Mié 06.08.2003

ESPECTáCULOS

La vida entendida como una carrera interminable

La obra “Maratón en Nueva York”, dirigida por Patricio Orozco, plantea la dicotomía entre un deportista que busca la hazaña y otro paralizado por la angustia.

› Por Cecilia Hopkins

En Maratón en Nueva York, el italiano Edoardo Erba toma un episodio de la antigua Grecia para prologar una historia actual: en el 490 a.C., luego de ganar la batalla de Maratón contra los persas, el general Milcíades envió a un soldado a Atenas a dar cuenta de la victoria. Tras correr 42 kilómetros, el hombre –que se llamaba Diomedon, aunque en la obra se asegura que nadie registró su nombre– murió a causa del esfuerzo realizado pero no antes de comunicar las buenas nuevas. Esa distancia, que quedó fijada para los maratones actuales como homenaje al legendario corredor, obsesiona a dos atletas que sueñan con competir en Nueva York, ejes de una pieza que busca introducirse en una variedad de temas afines a la superación del individuo.
Tras haber hecho una impasse en su vida de corredores, los amigos se dan cita para iniciar su entrenamiento. Ambos saben que el proyecto que tienen en mente les demandará un duro sacrificio, pero el autor reparte el don de la fuerza de voluntad en dosis desiguales. Así, Mario (Gonzalo Jordán) duda del compromiso que están por asumir, literalmente, a cada paso, mientras que Esteban (Federico Buso) no acepta hablar de otra cosa, empeñado en lograr una buena marca durante el circuito, a modo de preparativo para entrenamientos aún más severos. A través de su charla y de la exposición del cansancio físico que los invade, los personajes van revelando las motivaciones que se esconden tras la debilidad y la fortaleza de uno y otro, hasta que ambos terminan componiendo una metáfora de doble sentido, que por momentos se refiere a los riesgos de un sacrificio inútil y, por otro, a la búsqueda de lo que parece un imposible.
Para Esteban la vida es una pesadilla: la única manera en que un individuo puede dar sentido a su existencia es realizando una acción superlativa, que deberá cumplir aun a riesgo de muerte. Pero sus imperativos no seducen a Mario, paralizado como está por la ausencia de toda certeza. Ninguno imagina que la situación terminará revirtiéndose al promediar el entrenamiento, giro que determinará un cambio en la tonalidad del espectáculo, que comienza a introducirse en un tiempo y un espacio irreales, producto de la exteriorización de la angustia de ambos atletas.
Mientras intercambian sus puntos de vista, los dos personajes emprenden un recorrido que dura poco menos de una hora y los actores, en consecuencia, pasan el mismo tiempo trotando en el lugar, apenas variando el ángulo de su carrera enloquecida.

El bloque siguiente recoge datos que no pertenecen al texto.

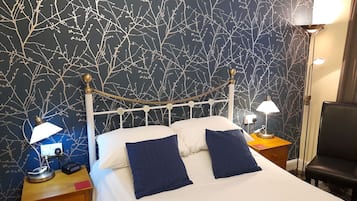 双人房, 独立浴室 (Large) | 高档床上用品、加厚床垫、遮光窗帘、熨斗/熨板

Mario siempre encuentra la manera de guiar la conversación con la intención de remontarse a situaciones de su infancia y adolescencia, en las cuales no ha salido bien parado, en tanto su amigo intenta no desconcentrarse de los rigores de la carrera, evitando ocupar su pensamiento en cuestiones ajenas a la actividad deportiva. El carácter vacilante de Mario lo lleva, incluso, a cuestionar el sentido de la tarea que está llevando a cabo hasta perder la fe por completo. En consecuencia, extiende su duda hacia otros temas, desde los criterios de justicia que imperan en la sociedad hasta la existencia de un ser creador del universo, junto a otros ítem propios de la especulación metafísica.
Es precisamente durante estas elucubraciones que el texto de Erba se vuelve forzado, demasiado atento a introducir en el discurso de sus personajes ciertas “cuestiones profundas” que contrasten con la charla –por momentos no exenta de lugares comunes– que incluye también la vida en pareja o el recuento de aquellas personalidades que en el transcurso de la historia perdieron la vida, víctimas de un accidente o atentado o por vía del suicidio.